Table (slices, columns, blocks) v1

Description

This page provides information about the blocks in a table, on a per-slice, per-column basis.

This is the most detailed information about the blocks held by a table; you really get to see the full and exact state of the table. The problem is that as the slice and column counts rise, it becomes a lot of rows.

This page does not auto-refresh, because there are too many rows for it to be easily taken in, and because vacuum operates on a per-slice basis, but on any given slice being vacuumed, all columns are vacuumed together, so there’s no need for per-column information.

Columns

Name Type
schema_id int8
schema varchar
table_id int8
table varchar
column_ordinal int2
column varchar
node int2
slice int2
store:blocks:sorted int8
store:blocks:unsorted int8
store:blocks:total int8
store:rows:sorted int8
store:rows:unsorted int8
store:rows:total int8
sorting % float4

Column Descriptions

schema_id

The schema ID. This column is emitted in CSV exports only.

schema

The schema name.

table_id

The table ID. This column is emitted in CSV exports only.

Surprisingly, table IDs turn out to be unique across all databases.

table

The table name.

column_ordinal

The column ordinal. This column is emitted in CSV exports only.

Column ordinals are unique to a single table.

In pg_attribute, ordinals for user columns count from 1, system columns are negative.

In stv_blocklist, ordinals for user columns count from 0, and system columns have a rather extraordinary numbering, in that they are the numbers after the final user column, which is to say, the system column numbers vary by table.

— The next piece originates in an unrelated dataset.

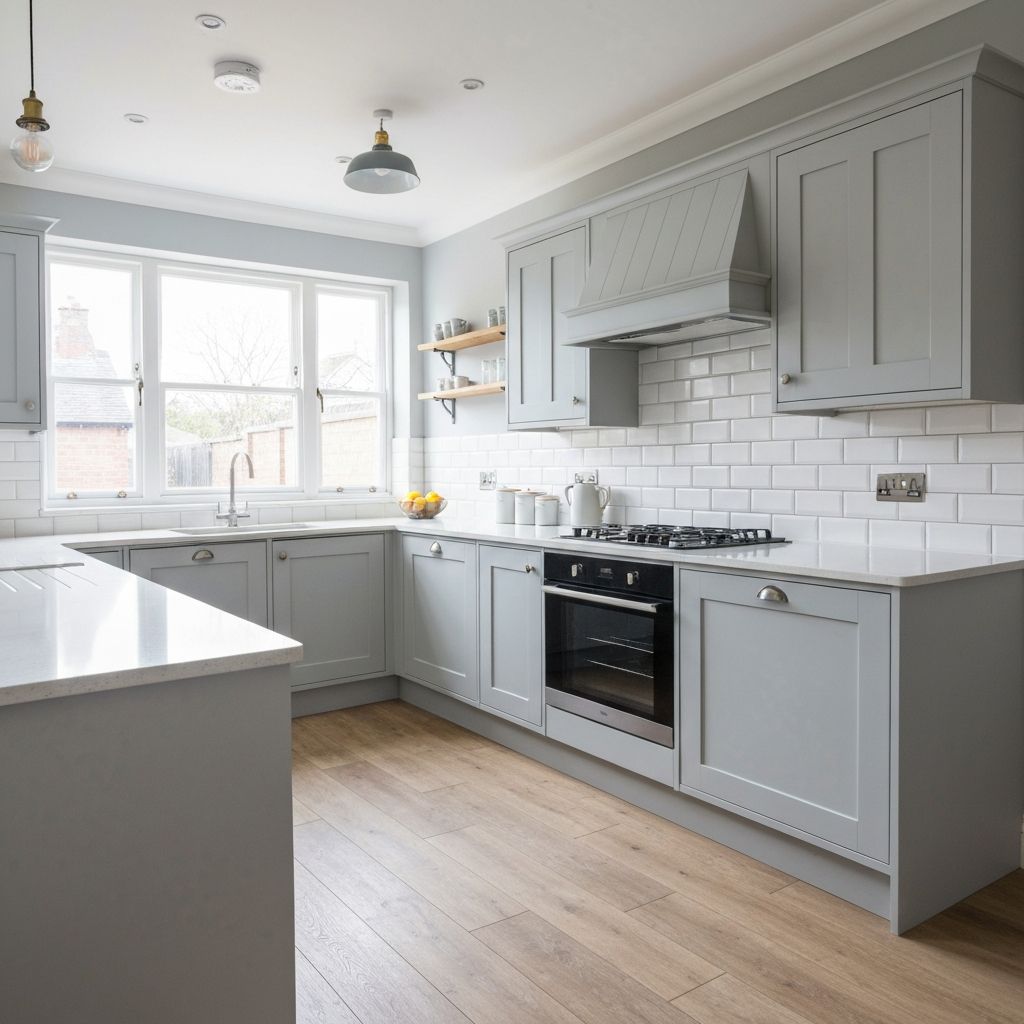 Renovated kitchen with painted cabinets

(I believe stv_blocklist internally is using unsigned variables, in part from this numbering issue, but also because I’ve been able to make num_values overflow, and when it overflows, it looks like an unsigned value which has wrapped and is then having its bit pattern interpreted as a signed value, where Redshift data types are all signed.)

In pg_attribte, you see quite a number of system columns, but in fact most vestigial, left-overs from Postgres, and do not exist on disk. Only three system columns are actually in use, which have the ordinals -2, -8 and -9, being the row ID, MVCC insert transaction ID and MVCC delete transaction ID, although offhand I cannot remember which is which (although I do recall it’s not the order you’d expect - I have a feeling -8 is the row ID).

column

The column name.

node

The node ID. Nodes count from 0 and are contiguous.

slice

The slice ID. Slices count from 0 and are contiguous and unique across all nodes.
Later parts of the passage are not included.